Au cours de l’été et de l’automne 1920, le couple Meighen entreprend une grande tournée à travers le pays afin de consolider les assises du parti de coalition. C’est dans ce contexte qu’Isabel Cox et son époux se rendent dans les Cantons-de-l’Est, à la fin du mois de septembre, faisant des arrêts à Sherbrooke, Magog, Cowansville, Knowlton, Waterloo et Granby. Cet événement hors du commun crée un véritable émoi au sein des communautés anglophones de Waterloo et de Granby, d’autant plus que le Granby Leader-Mail, d’obédience conservatrice, se fait un devoir de rapporter tous les faits et gestes du couple comme s’il s’agissait de têtes couronnées. Des journalistes du Montreal Gazette, du Montreal Star, du Toronto Star et du Sherbrooke Record accompagnent aussi le premier ministre Meighen dans sa tournée. La veille de son arrivée à Granby, étape ultime de leur voyage, le premier ministre indique qu’il est très heureux de se retrouver dans la ville natale de son épouse, qu’il nomme affectueusement Nan, et qu’il connaît l’endroit pour l’avoir visité lors de son voyage de noces, en 1904.
À Granby, la soirée tenue en l’honneur du premier ministre se déroule à l’hôtel de ville. Tous les notables ont été conviés à l’événement et bien peu d’entre eux ont osé refuser l’invitation. Cependant, contre toute attente, le moment fort de ce rassemblement ne fut pas le discours d’Arthur Meighen ou celui du maire de la ville, Ernest Boivin, mais bien l’intervention impromptue de madame Meighen qui, apercevant son oncle, l’écrivain et illustrateur de renom Palmer Cox, discrètement installé dans le fond de la salle, s’empara du micro et convia ce dernier à venir s’asseoir à la table d’honneur. Un peu surpris, le grand vieillard céda finalement aux applaudissements de la foule ; par son geste gracieux, la première dame du pays venait de conquérir tous les cœurs.
En juin 1921, Meighen se rend avec son épouse à la Conférence impériale, à Londres, peu avant de perdre le pouvoir aux mains du libéral William Lyon Mackenzie King. Lors des élections suivantes, qui se tiennent en 1925, les conservateurs de Meighen renouent avec la victoire en remportant le plus grand nombre de sièges, mais leur règne ne dure que quelques mois.

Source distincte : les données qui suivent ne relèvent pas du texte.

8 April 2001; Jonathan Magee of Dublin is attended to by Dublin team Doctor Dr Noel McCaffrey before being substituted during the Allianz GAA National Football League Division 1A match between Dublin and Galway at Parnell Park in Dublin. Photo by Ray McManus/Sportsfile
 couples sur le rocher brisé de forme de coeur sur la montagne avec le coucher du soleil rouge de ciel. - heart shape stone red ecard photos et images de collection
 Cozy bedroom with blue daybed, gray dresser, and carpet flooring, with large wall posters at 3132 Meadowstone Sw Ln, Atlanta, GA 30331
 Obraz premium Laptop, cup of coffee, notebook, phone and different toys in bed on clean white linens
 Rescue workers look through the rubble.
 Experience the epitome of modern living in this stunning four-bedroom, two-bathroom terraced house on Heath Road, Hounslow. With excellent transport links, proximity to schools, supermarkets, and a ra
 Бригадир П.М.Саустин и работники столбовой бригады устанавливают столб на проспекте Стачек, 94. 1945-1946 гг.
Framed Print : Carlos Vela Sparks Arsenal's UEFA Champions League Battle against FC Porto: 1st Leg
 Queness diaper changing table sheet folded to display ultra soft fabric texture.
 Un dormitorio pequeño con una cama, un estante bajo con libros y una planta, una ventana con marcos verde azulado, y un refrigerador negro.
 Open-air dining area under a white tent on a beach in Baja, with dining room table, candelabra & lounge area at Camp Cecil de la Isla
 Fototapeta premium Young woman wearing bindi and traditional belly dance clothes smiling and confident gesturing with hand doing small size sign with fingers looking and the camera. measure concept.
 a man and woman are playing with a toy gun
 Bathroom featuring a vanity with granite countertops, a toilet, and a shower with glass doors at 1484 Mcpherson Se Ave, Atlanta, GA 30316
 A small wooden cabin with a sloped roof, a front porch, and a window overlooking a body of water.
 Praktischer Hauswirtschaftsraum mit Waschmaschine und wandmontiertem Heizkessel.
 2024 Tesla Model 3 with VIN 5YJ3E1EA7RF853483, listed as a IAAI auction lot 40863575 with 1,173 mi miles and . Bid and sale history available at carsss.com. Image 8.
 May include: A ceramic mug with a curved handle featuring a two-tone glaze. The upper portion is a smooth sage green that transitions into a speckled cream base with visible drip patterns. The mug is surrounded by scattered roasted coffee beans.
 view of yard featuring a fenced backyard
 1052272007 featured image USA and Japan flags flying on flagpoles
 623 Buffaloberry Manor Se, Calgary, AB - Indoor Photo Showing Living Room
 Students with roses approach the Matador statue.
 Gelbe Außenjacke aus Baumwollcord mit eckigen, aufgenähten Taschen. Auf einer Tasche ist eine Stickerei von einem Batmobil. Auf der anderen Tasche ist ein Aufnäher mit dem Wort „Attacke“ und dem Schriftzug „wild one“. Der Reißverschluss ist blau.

À la suite de ce revers, Meighen décide de quitter la direction du Parti conservateur pour retourner au monde des affaires, s’installant à Toronto avec sa femme et leurs trois enfants. Toutefois, il ne délaisse pas complètement la politique, devenant même leader du gouvernement au Sénat en 1932. Après le retrait définitif de la vie politique d’Arthur Meighen, qui coïncide avec la fin de la Deuxième Guerre mondiale, le couple Cox-Meighen vivra une paisible retraite, jusqu’au décès de l’ancien premier ministre des suites d’une courte maladie, en 1960. Quant à Isabel Cox, elle survit vingt-cinq ans à son mari, décédant à l’âge vénérable de 102 ans, en 1985. Détail intéressant, un des petits-fils du couple, Michael Meighen, reprendra le flambeau politique en tant que collecteur de fonds pour les progressistes-conservateurs et comme proche conseiller et ami personnel de Brian Mulroney, premier ministre du Canada de 1984 à 1993. Ce dernier, d’ailleurs, le nommera sénateur en 1990.